Recent news stories from both sides of the Canada-U.S. border highlight the growing role of business incentives and “subsidies” in shaping the climate for corporate location and expansion decisions.
The big three U.S. automobile producers are in the midst of downgrading their presence in Ontario as they build new plants in various American states as well as Mexico. Asian and European automobile producers are also stepping up capital spending in the U.S. and Mexico.
One of the factors behind this trend is the rich incentive packages provided by U.S. state and local governments keen to secure auto-related manufacturing plants and jobs. While the Ontario and Canadian governments have also been prepared to spend taxpayers’ money to lure automobile investment, so far they have been unwilling to match the stupendous sums on offer in states such as Kentucky, South Carolina, Tennessee, and Michigan.
What is unfolding in the automobile sector may be the tip of the iceberg. Other industries that are receiving attention from U.S. jurisdictions hungry for high-paying jobs include aerospace, pharmaceuticals and bio-technology, energy, advanced materials, transportation and logistics, and the information and communications technology sector.
A recent report from the U.S. Council on Foreign Relations calculates that state and local governments together are deploying $80 billion every year to entice companies to make “greenfield” investments. “Greenfield investments” result in new factories or business activities, and thus differ from investments that companies routinely make in their existing operations. Importantly, the $80 billion estimate does not include tax incentives that are widely available to all firms within an industry, such as film production tax credits, accelerated write-offs for investments in manufacturing facilities and equipment, or tax incentives to support business research and development. Instead, the figure primarily captures tailored financial packages that state and local government agencies put together to convince individual companies to invest.
The table below lists the 10 biggest incentive packages granted to companies in the United States in 2014, according to a leading site location consultant. The examples in the table add up to more than $25 billion, albeit the benefits conferred extend over multiple years and do not always feature up-front payments to the corporate recipients.
Aircraft manufacturing giant Boeing tops the list. It extracted $8.7 billion from reluctant Washington state legislators, in exchange for pledging to produce its 777X jet in the state. The tax benefits to Boeing will flow over 30 years.
The incentives used by U.S. states and cities often take the form of abatements or exemptions from income, sales or property taxes for companies that undertake significant new investments.

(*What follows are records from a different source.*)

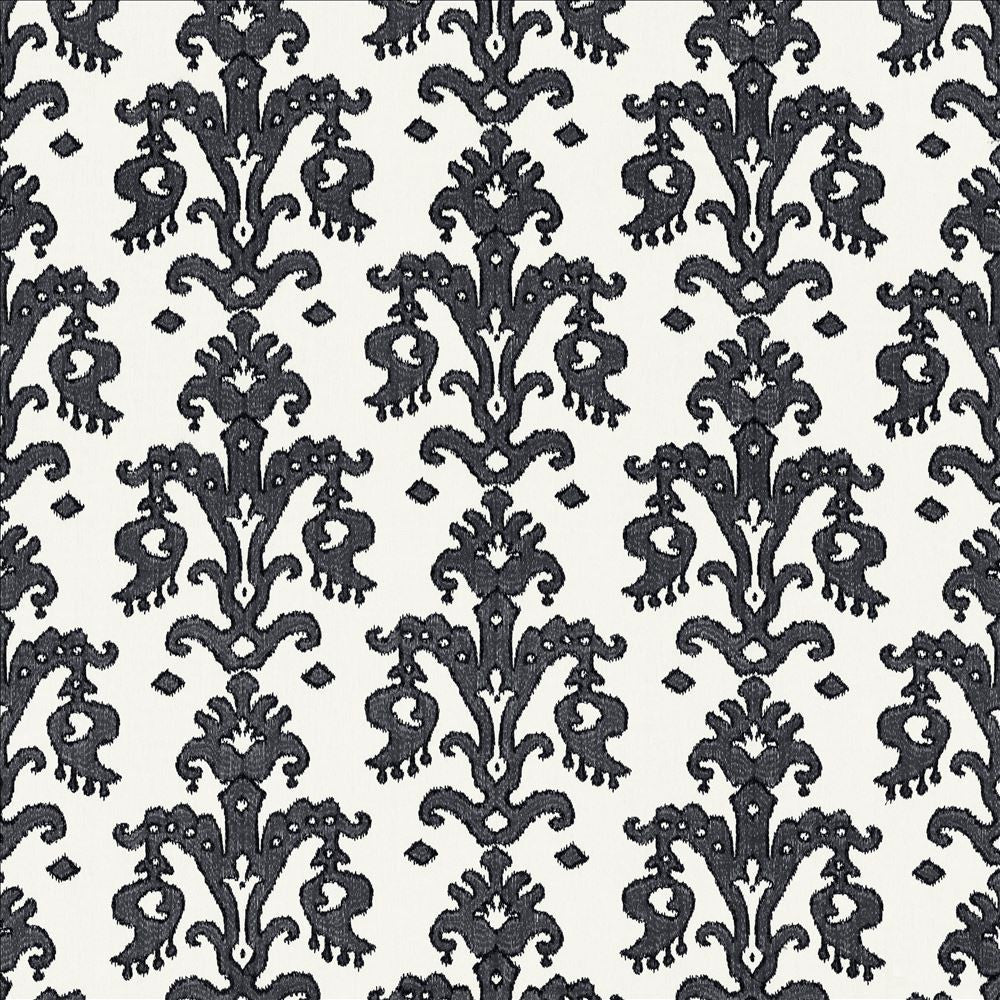 Audacious Slate by Kasmir Fabric 1450 100% Cotton
 INDIA </p><p>Repeat: Horizontal: 20 4/8 inches and Vertical: 15 2/8 inches 56 - Fabric Carolina -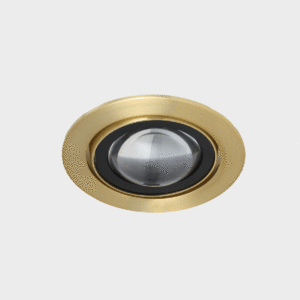 luxe gold recessed downlight round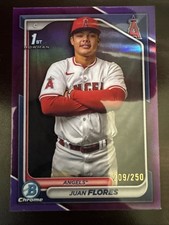 2024 Bowman Chrome 1st #BCP-234 Juan Flores Purple Refractor /250 Angels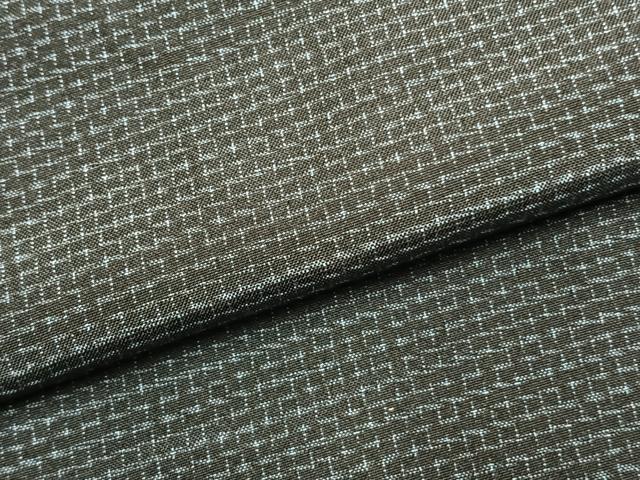 平和屋着物●男性　本場大島紬　アンサンブル　格子　正絹　逸品　AABK1124fy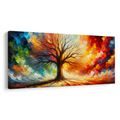 OBRAZ BAREVNÝ STROM ŽIVOTA SNŮ - OBRAZY STROMY ŽIVOTA - OBRAZY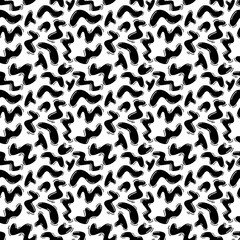 Seamless pattern in bright abstract retro style
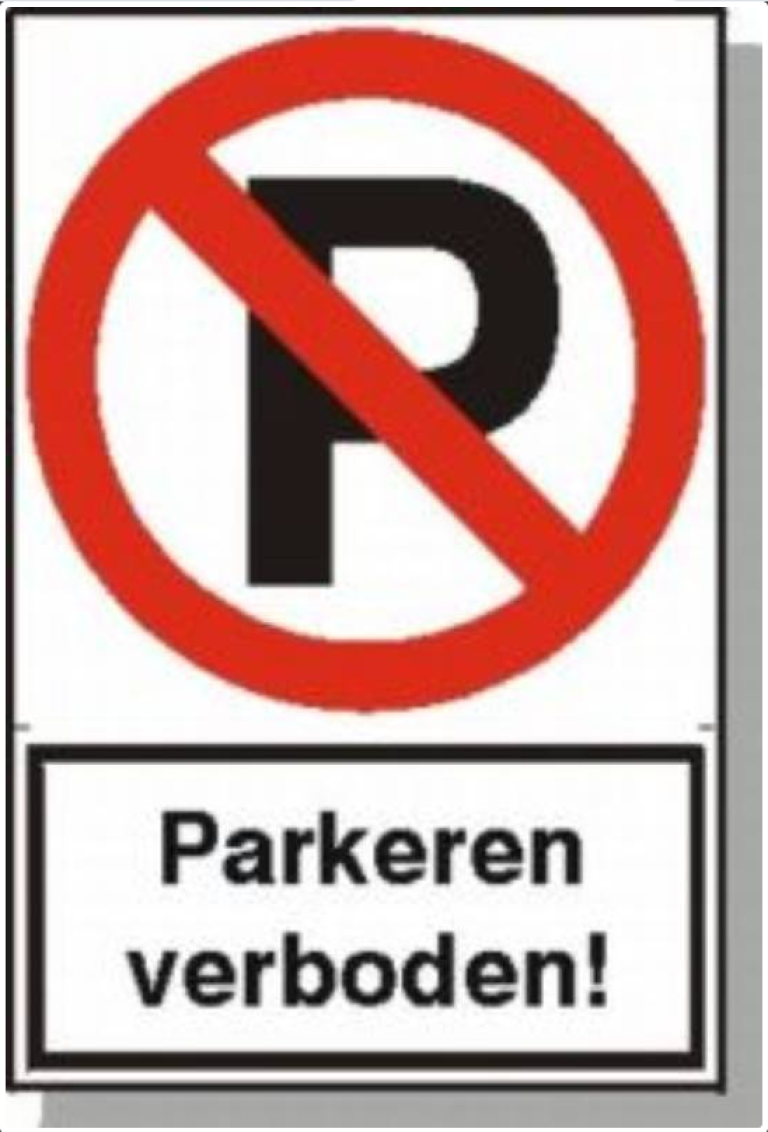 Pictogram 'Parkeren verboden!'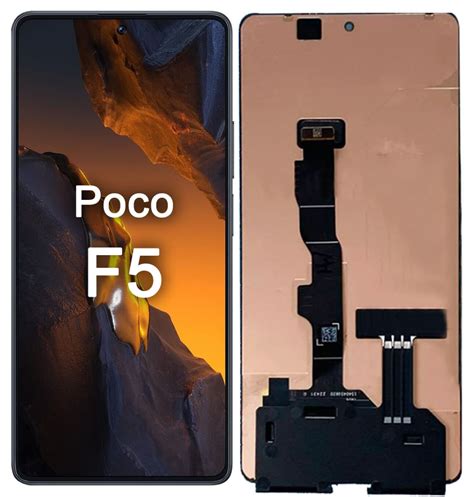 Tela Amoled Display Touch Frontal Xiaomi Poco F5 5G Sem Aro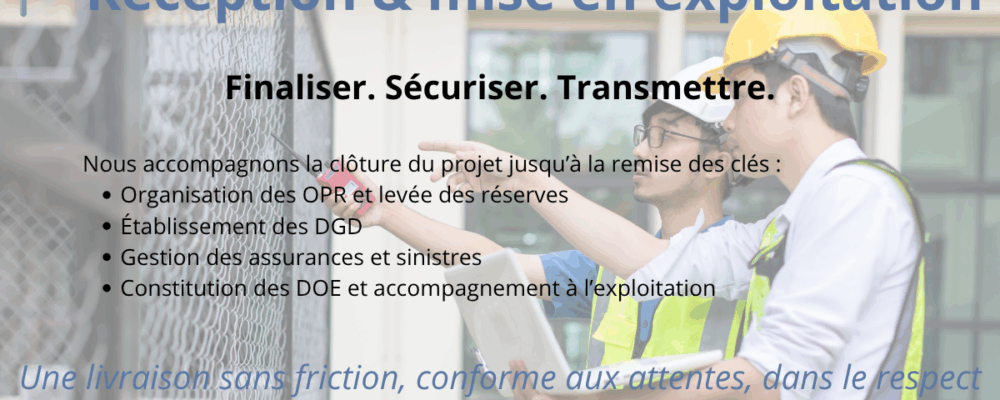 réception mise en exploitation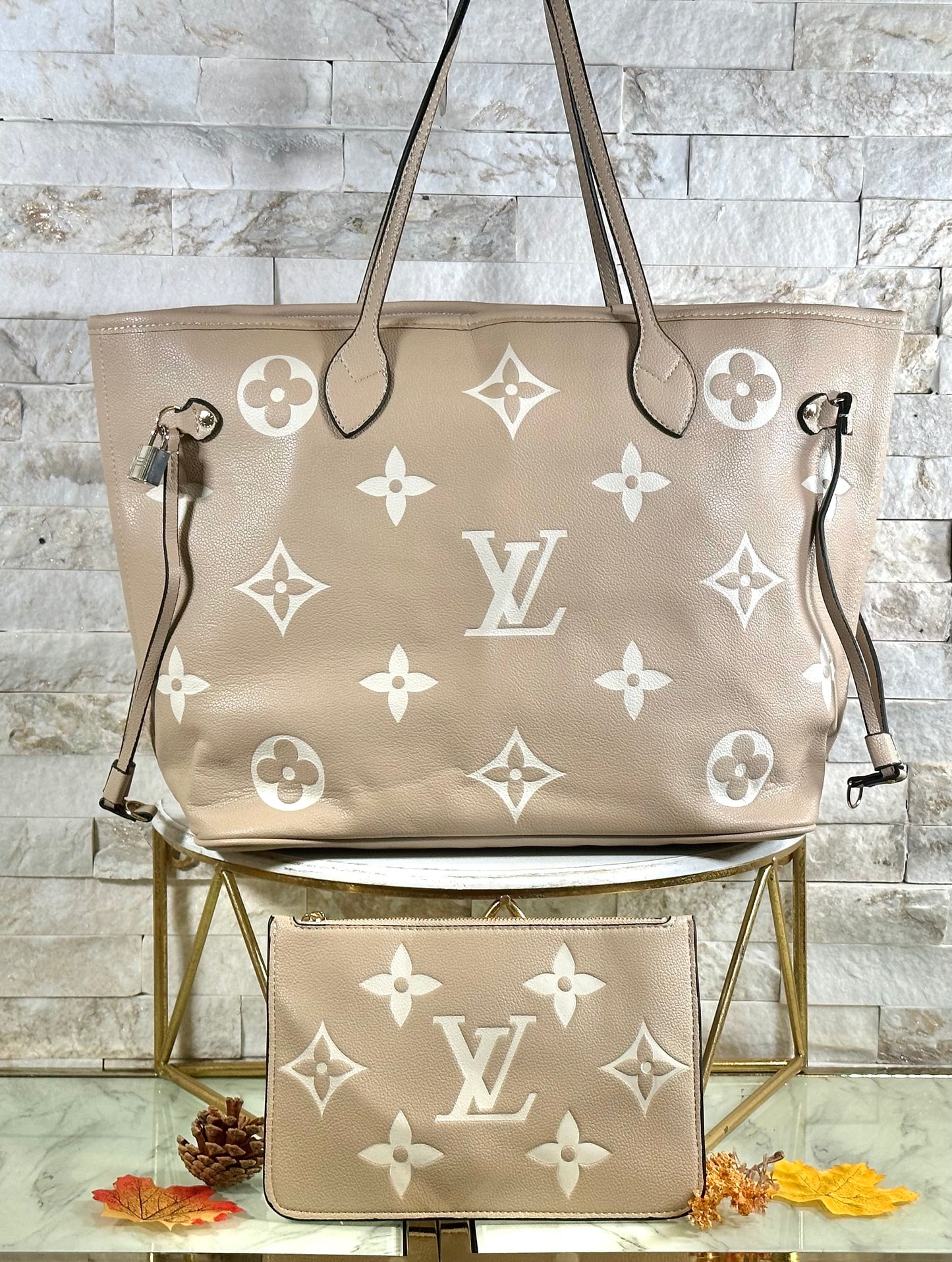 Mirror Bags-Taupe Lulu Neverful Bag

In some cases the tax breaks may be supplemented by government grants to underwrite the cost of worker training, free or subsidized land, below-market power rates, or dedicated infrastructure improvements.
Tax and other financial inducements alone are rarely sufficient to dictate where businesses invest. Proximity to markets/customers, access to skilled workers, the quality of infrastructure, the (tax-inclusive) cost of electricity and other sources of energy, and the regulatory climate all factor into the decision-making process at large enterprises. But the availability of incentives can make a difference once a company has developed a short-list of otherwise comparable investment locations.
Governments in Canada are understandably reluctant to engage in a race-to-bottom competition to boost incentives to firms contemplating new investments. The vast sums spent by some American state and local governments to attract business can be counter-productive from the perspective of the taxpayers who ultimately foot the bill.
But Canadian policymakers need to recognize that being out-gunned in the incentives game can also carry a cost, as Canadian locations increasingly fall off of the lists compiled by site selection consultants and their corporate clients. If we are going to forswear the generous incentives favoured by many U.S. jurisdictions, then governments in Canada will have to redouble their efforts to make all other aspects of the local business environment as attractive as possible to prospective investors.
|Top Ten Tax Incentive Deals for U.S. Companies, 2014
|Company State Amount (U.S. dollars)
|Boeing Washington $8.7 billion
|Alcoa New York $5.6 billion
|Nike Oregon $2.0 billion
|Intel New Mexico $2.0 billion
|Cheniere Energy Louisiana $1.7 billion
|Shell Pennsylvania $1.65 billion
|Cerner Corp Missouri $1.64 billion
|Chrysler Michigan $1.3 billion
|Nissan Mississippi $1.25 billion
|Tesla Nevada $1.25 billion
|Source: Area Development OnLine
Jock Finlayson is Executive Vice President of the Business Council of British Columbia.